Entries taken from a collection
···
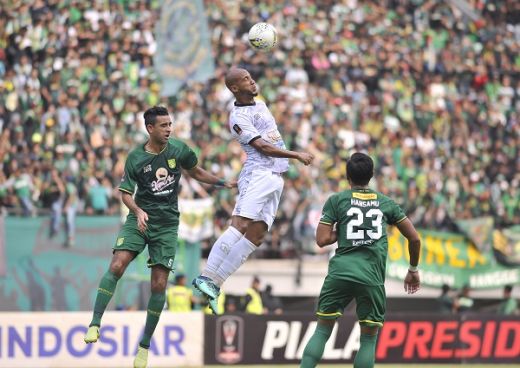 Otavio Yakin Persebaya Raih Kemenangan Lawan Madura United FC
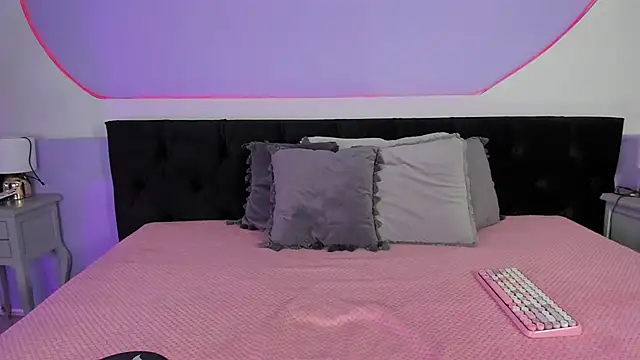 Julieta Cortes   online show from 31, 10, 2025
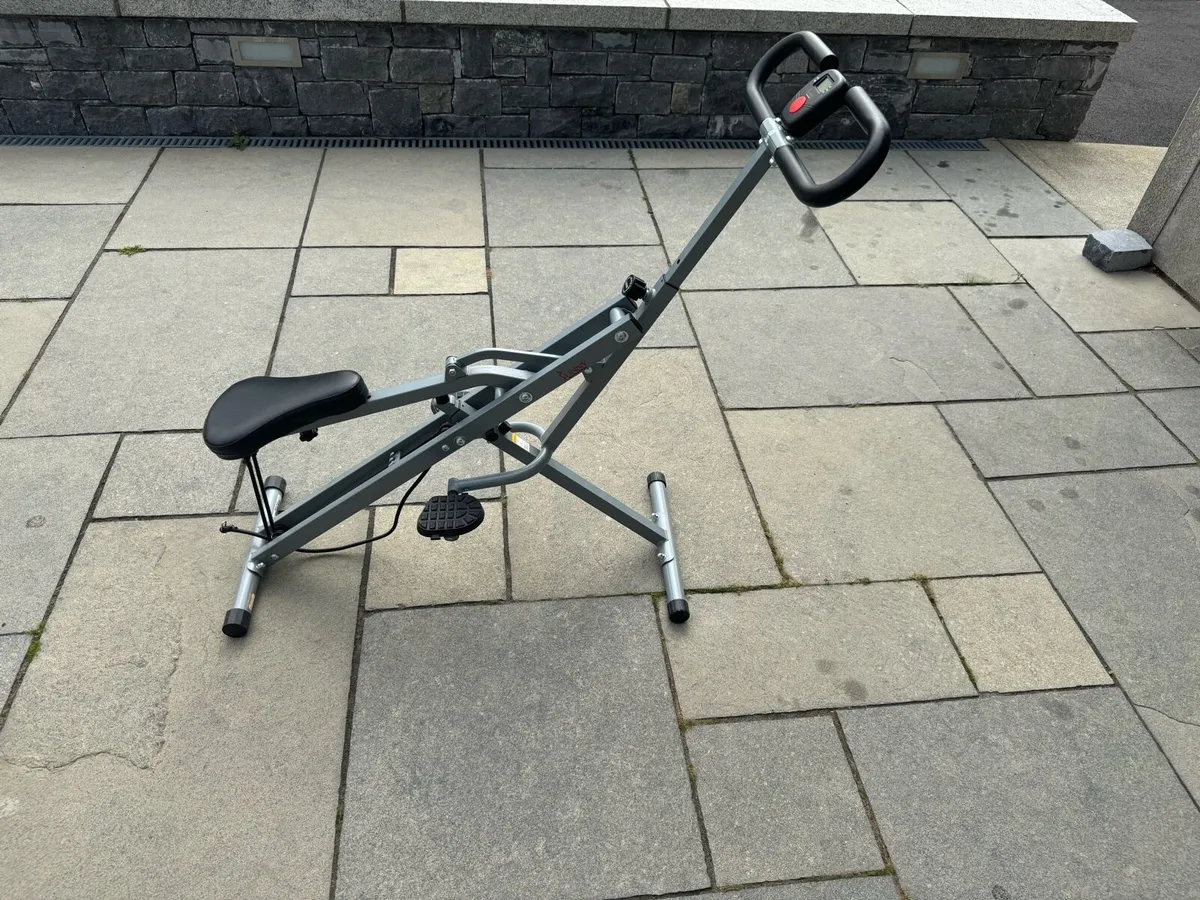 Squat assist row and ride trainer - Image 1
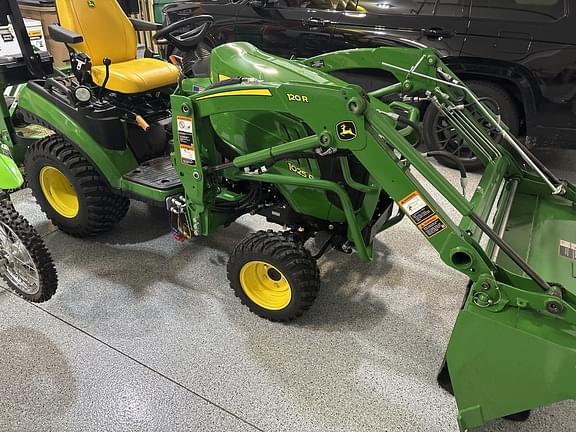 Image of John Deere 1025R equipment image 1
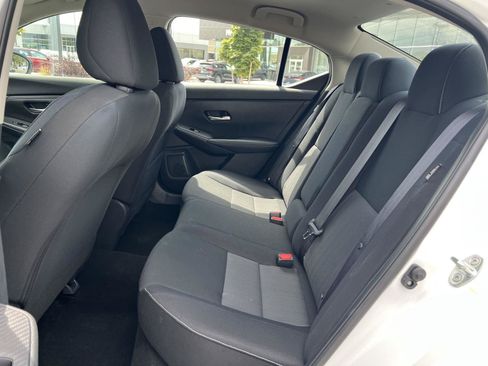 Used 2022 Nissan Sentra SV FWD image 26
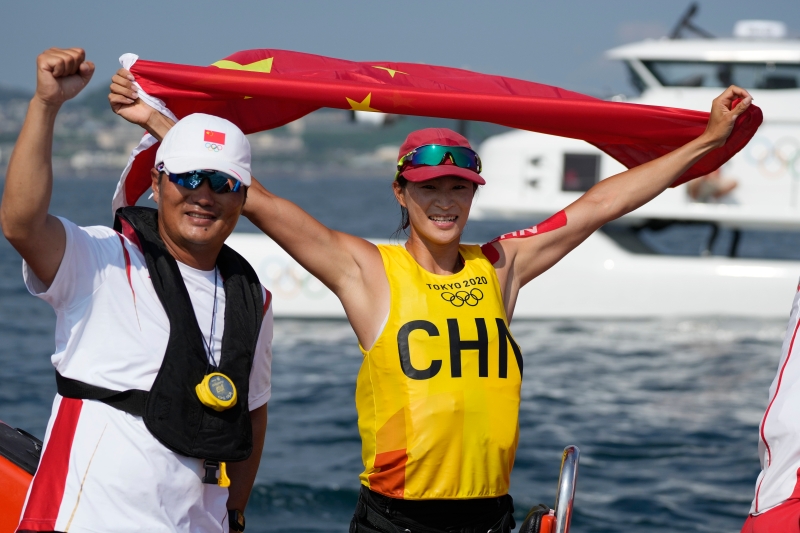 卢云秀（右) 继世锦赛之后又夺得奥运会冠军，证明了她夺冠毫不侥幸。（美联社照片）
···
EXERCISE —
Drop the pictures and copy the data exactly.

EXERCISE ANSWER —
 Otavio Yakin Persebaya Raih Kemenangan Lawan Madura United FC
 Julieta Cortes   online show from 31, 10, 2025
 Squat assist row and ride trainer - Image 1
 Image of John Deere 1025R equipment image 1
 Used 2022 Nissan Sentra SV FWD image 26
 卢云秀（右) 继世锦赛之后又夺得奥运会冠军，证明了她夺冠毫不侥幸。（美联社照片）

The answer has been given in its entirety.